◆ Task details ◆
Write the records below out in full, character for character, with no pictures.

*** Opening of Working data ***

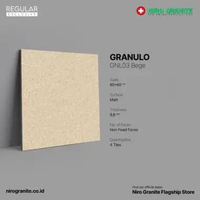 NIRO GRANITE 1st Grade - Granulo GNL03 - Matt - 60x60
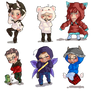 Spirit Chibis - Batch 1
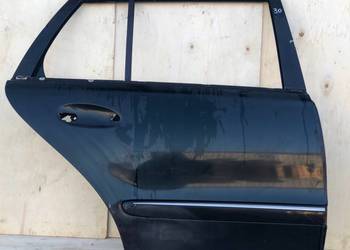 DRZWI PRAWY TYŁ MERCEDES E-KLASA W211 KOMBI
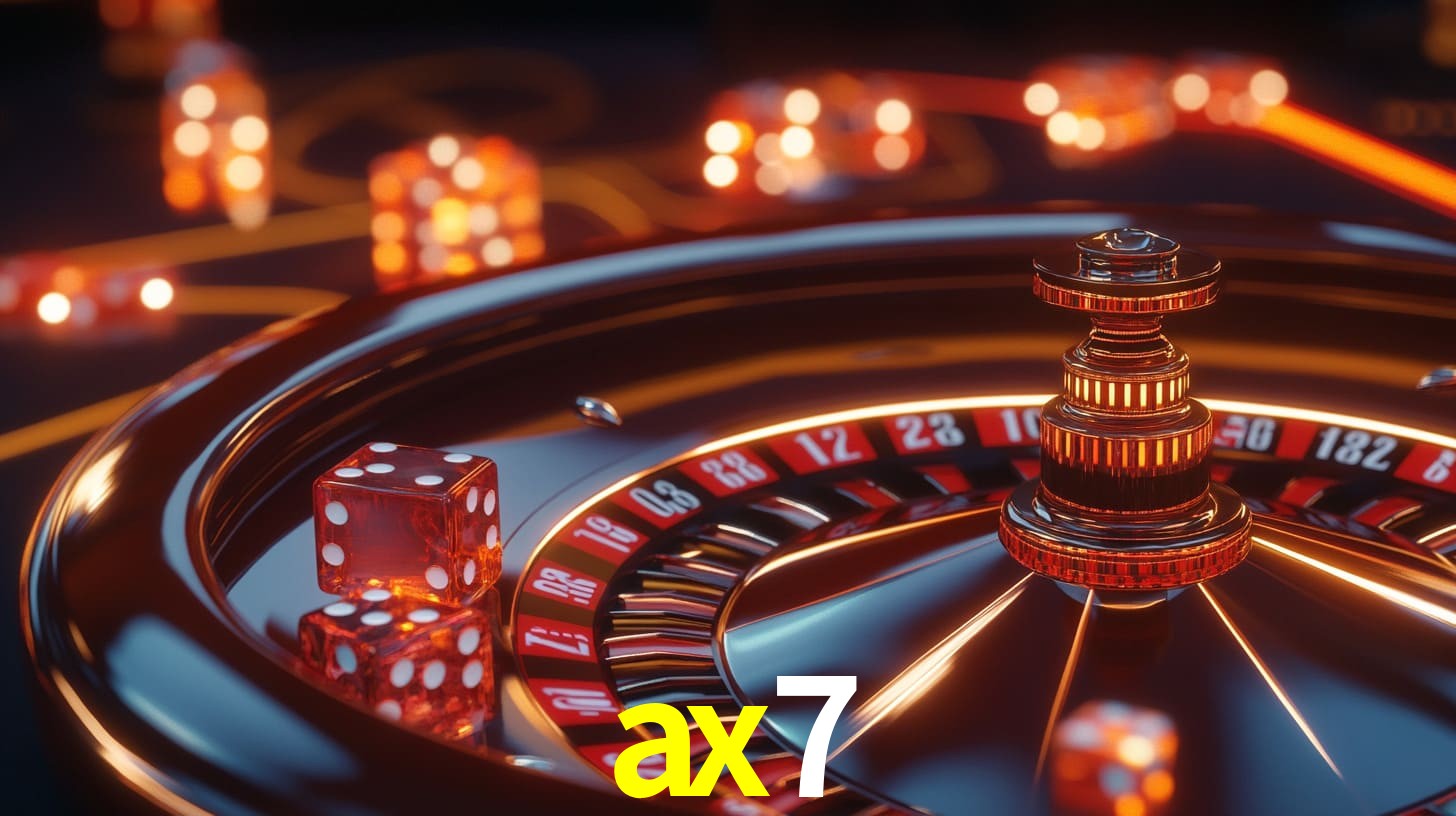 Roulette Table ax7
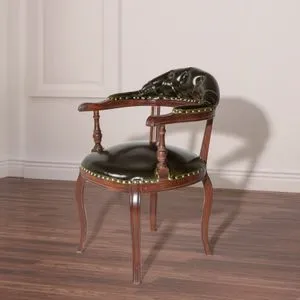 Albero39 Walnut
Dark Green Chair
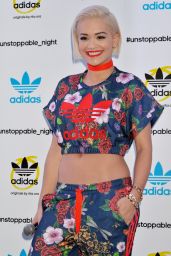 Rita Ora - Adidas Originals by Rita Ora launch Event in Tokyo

*** Close of Working data ***

◆ Exercise result ◆
 NIRO GRANITE 1st Grade - Granulo GNL03 - Matt - 60x60
 Spirit Chibis - Batch 1
 DRZWI PRAWY TYŁ MERCEDES E-KLASA W211 KOMBI
 Roulette Table ax7
 Albero39 Walnut
Dark Green Chair
 Rita Ora - Adidas Originals by Rita Ora launch Event in Tokyo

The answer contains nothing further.